*** Opening of AVAILABLE DATA ***

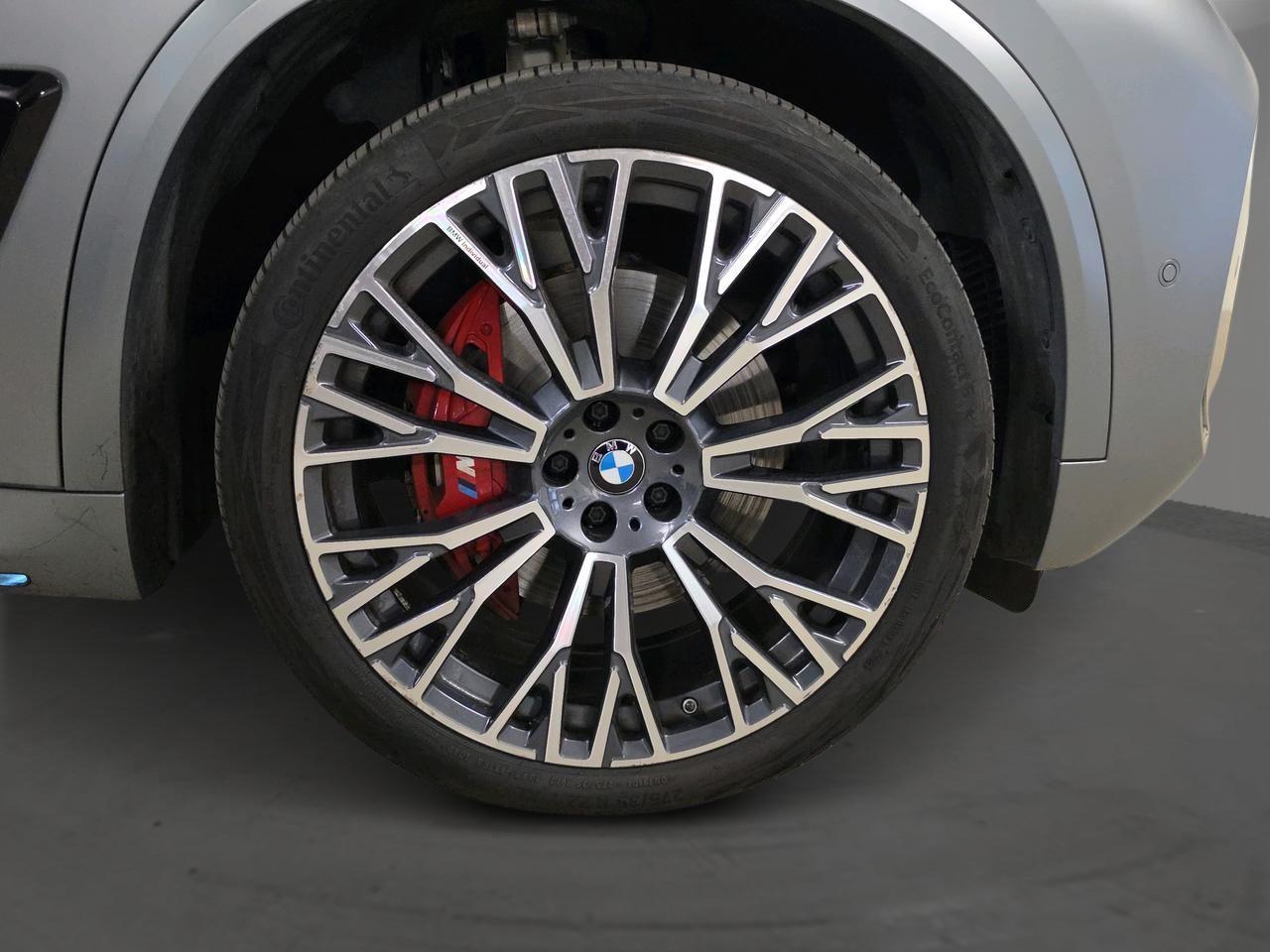BMW X5 40d xDrive M Sport Pro-image-10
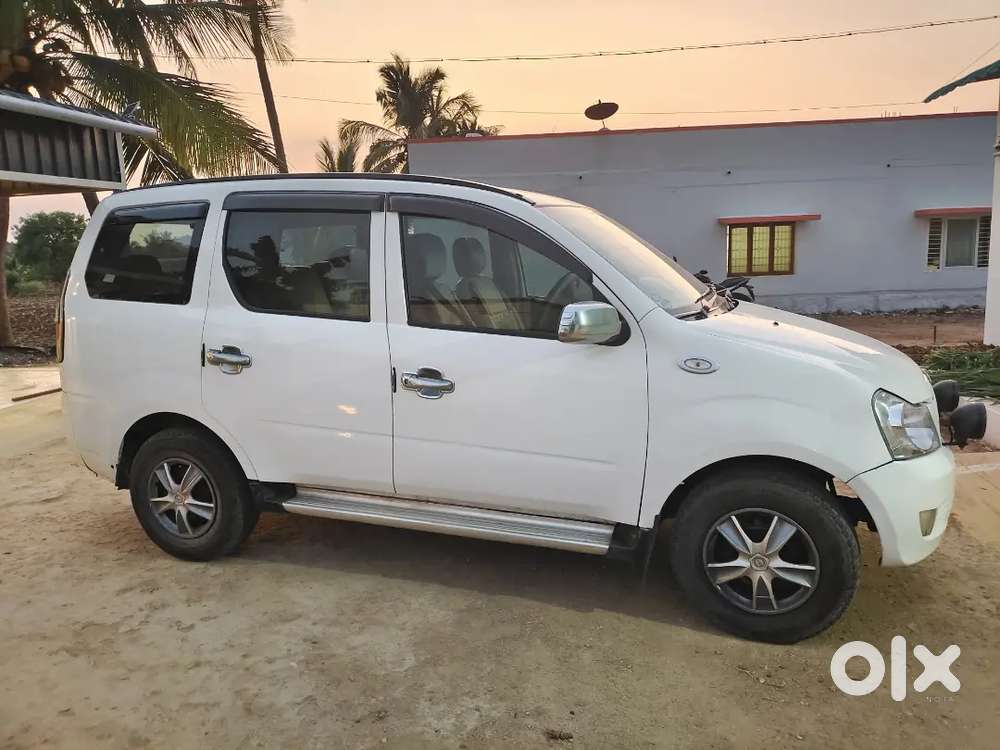 Mahindra Xylo 2011 Diesel Well Maintained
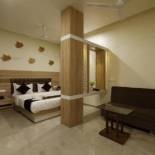 Фотография гостиницы Hotel Alka Inn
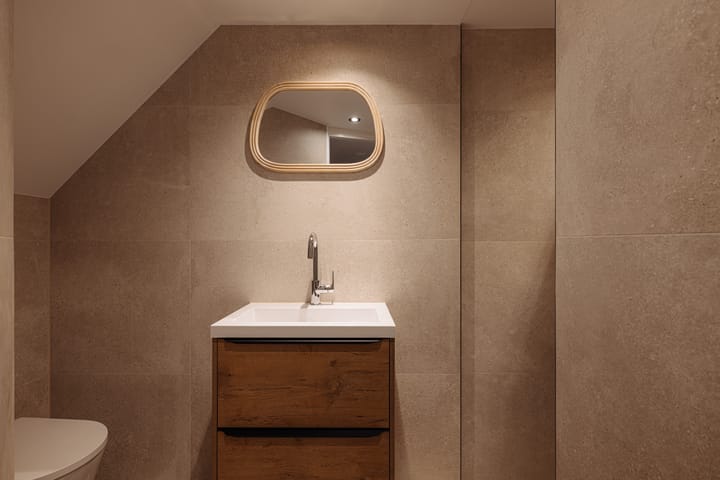 Photo 32 of Eerste Lindendwarsstraat 1-H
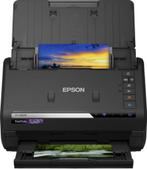 Epson FastFoto FF-680W, Fotoscanner, Epson, Windows, Ophalen of Verzenden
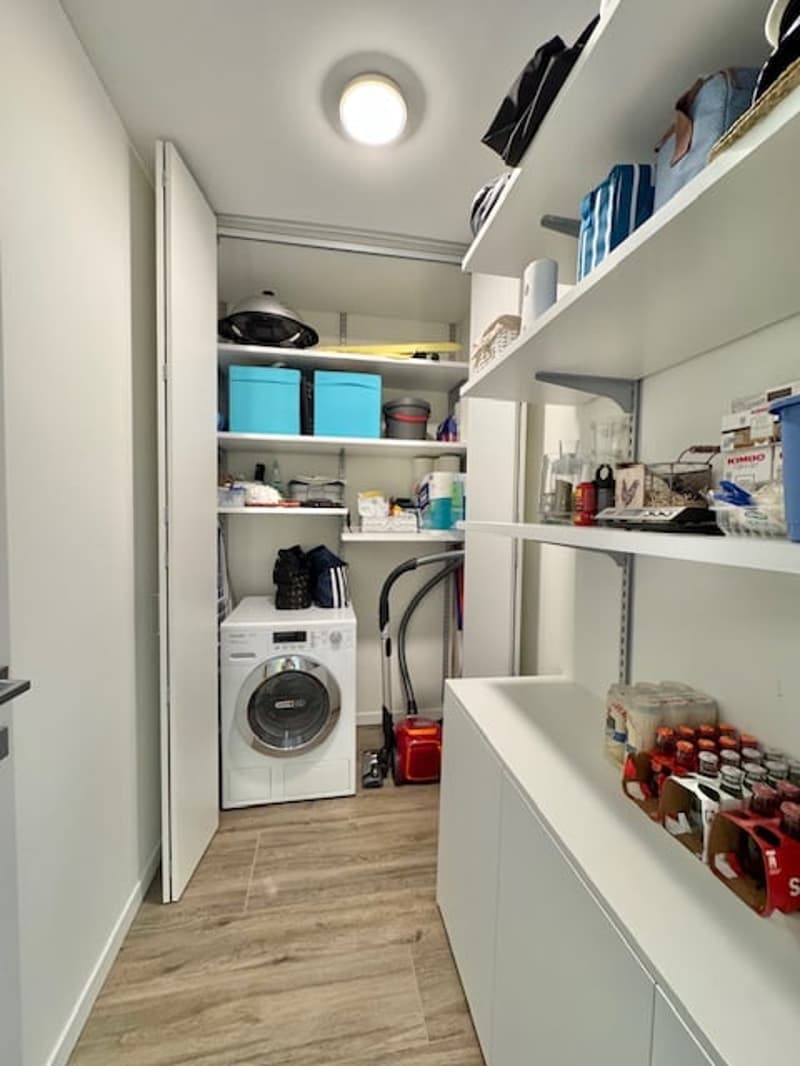 VENDESI IN CENTRO A LOCARNO COME RESIDENZA SECONDARIA - APPARTAMENTO DI 3.5 LOCALI (12)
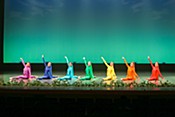 クラシックバレエ教室 Ai Joli Ballet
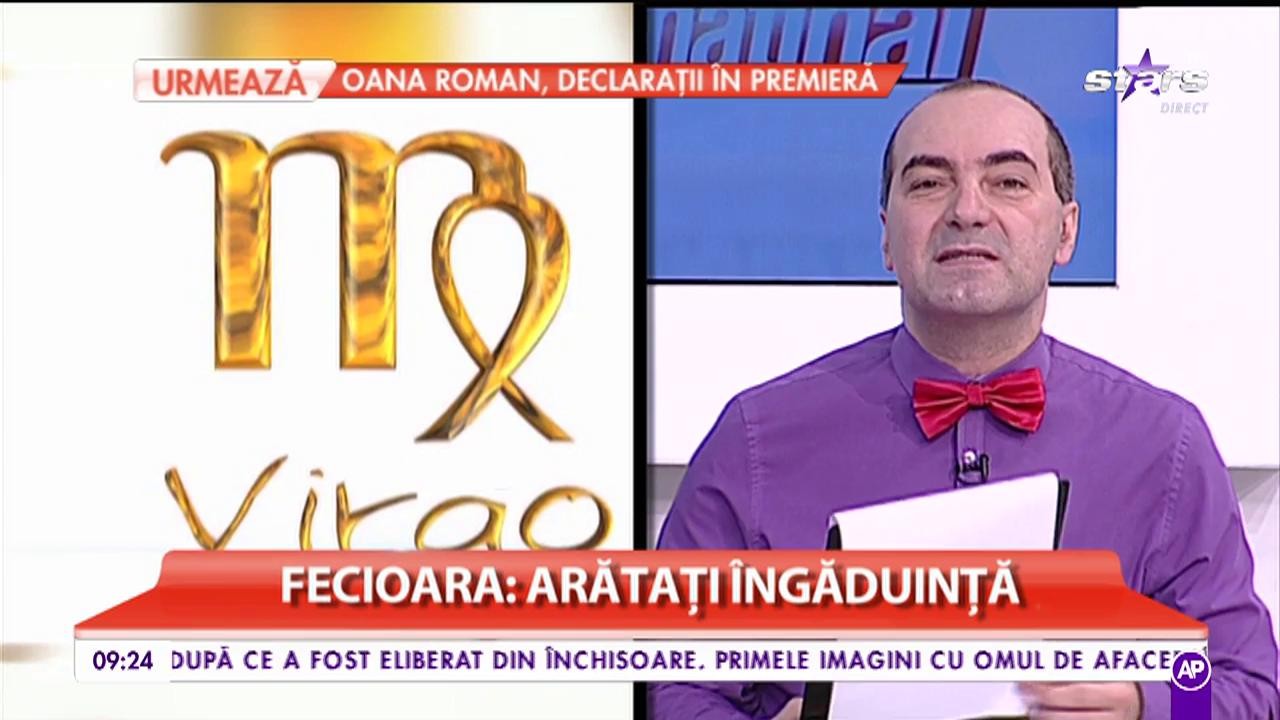 Horoscopul zilei 6 Ianuarie 2018. Leii își vor schimba modul de gândire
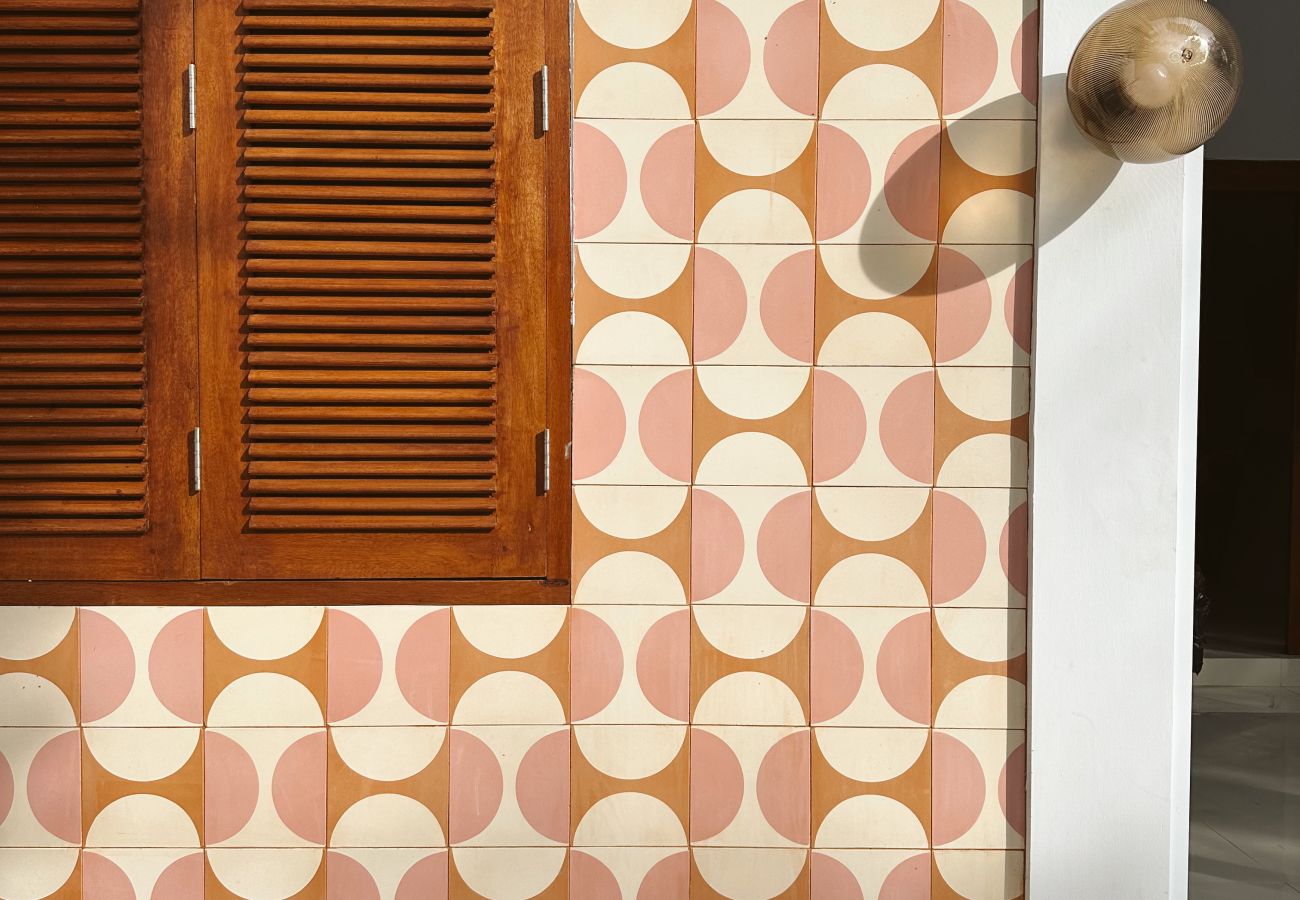 Villa in Canggu - Daydream Believer Villa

*** Close of AVAILABLE DATA ***

=== EXERCISE DESCRIPTION ===
Only the pictures are to be omitted; restate everything else above exactly.

=== OUTPUT FOR THIS TASK ===
BMW X5 40d xDrive M Sport Pro-image-10
 Mahindra Xylo 2011 Diesel Well Maintained
 Фотография гостиницы Hotel Alka Inn
 Photo 32 of Eerste Lindendwarsstraat 1-H
 Epson FastFoto FF-680W, Fotoscanner, Epson, Windows, Ophalen of Verzenden
 VENDESI IN CENTRO A LOCARNO COME RESIDENZA SECONDARIA - APPARTAMENTO DI 3.5 LOCALI (12)
 クラシックバレエ教室 Ai Joli Ballet
 Horoscopul zilei 6 Ianuarie 2018. Leii își vor schimba modul de gândire
 Villa in Canggu - Daydream Believer Villa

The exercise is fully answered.